* [Prompt]:
Each line between the one holding "Photo showing: Flint" and the end of the material below, both included, is to be transcribed word for word, with pictures left out.

* [Data extract]:
#####
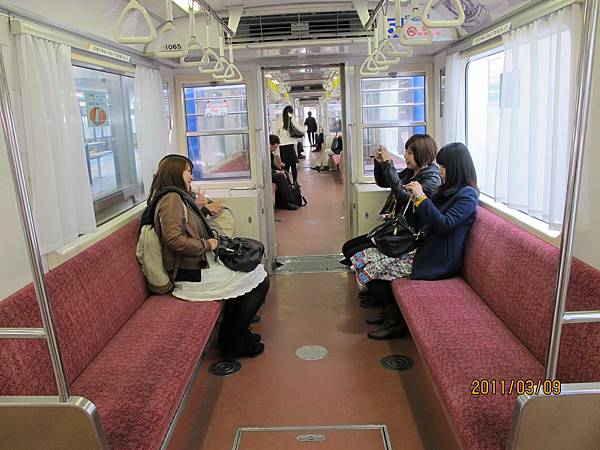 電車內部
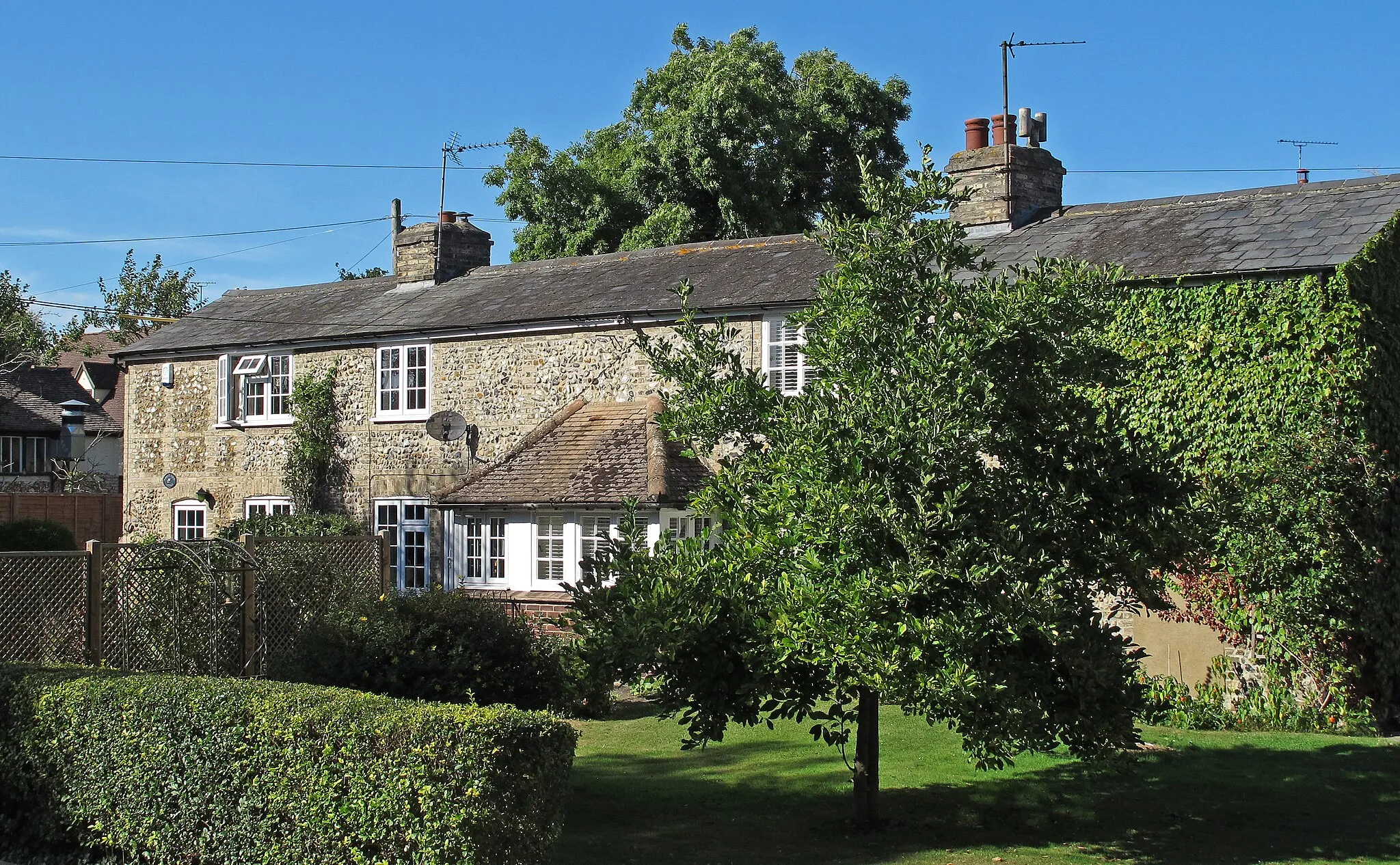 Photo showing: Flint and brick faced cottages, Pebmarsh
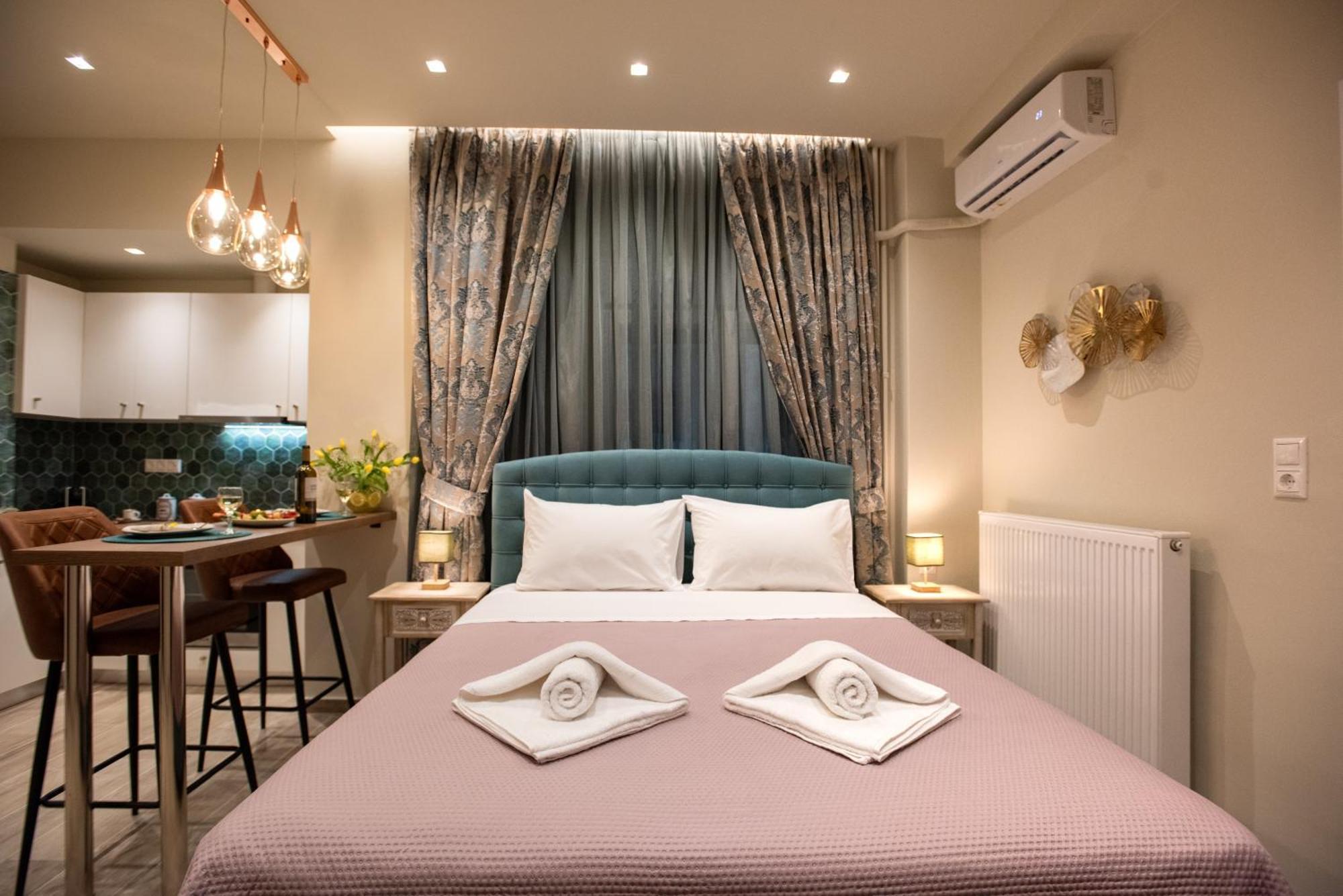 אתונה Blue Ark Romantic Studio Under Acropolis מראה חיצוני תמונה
#####
* [Worked solution]:
 Photo showing: Flint and brick faced cottages, Pebmarsh
 אתונה Blue Ark Romantic Studio Under Acropolis מראה חיצוני תמונה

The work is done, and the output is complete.